--- SUPPLIED DATA ---
__________________________________________________

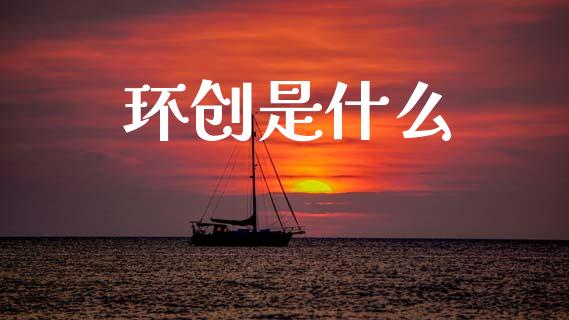 环创是什么_https://m.15771688.com_期货开户_第1张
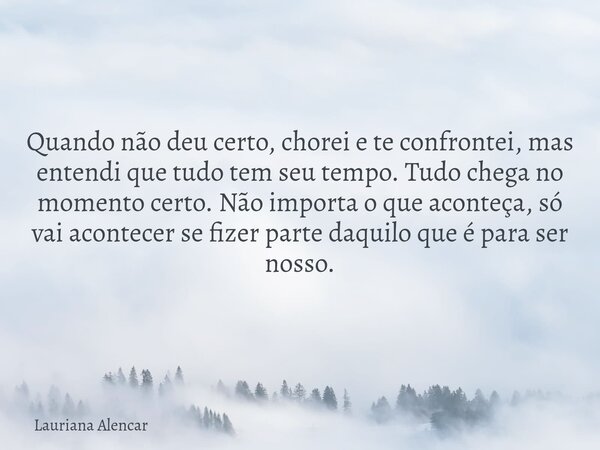 Quando não deu certo, chorei e te confrontei, mas entendi que tudo tem seu tempo. Tudo chega no momento certo. Não importa o que aconteça, só vai acontecer se f... Frase de Lauriana Alencar.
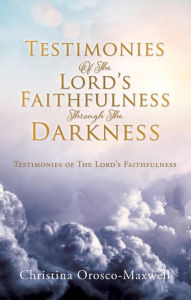 Title: Testimonies Of The Lord's Faithfulness Through The Darkness: Testimonies of The Lord's Faithfulness, Author: Christina Orosco-Maxwell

__________________________________________________

--- TASK ---
Reproduce, word for word, the lines from the one containing "Quando não deu" to the end of the material, both ends included. No picture is copied.

--- ANSWER TO THIS PROBLEM ---
 Quando não deu certo, chorei e te confrontei, mas entendi que tudo tem seu tempo. Tudo chega no momento certo. Não importa o que aconteça, só vai acontecer se f... Frase de Lauriana Alencar.
 Title: Testimonies Of The Lord's Faithfulness Through The Darkness: Testimonies of The Lord's Faithfulness, Author: Christina Orosco-Maxwell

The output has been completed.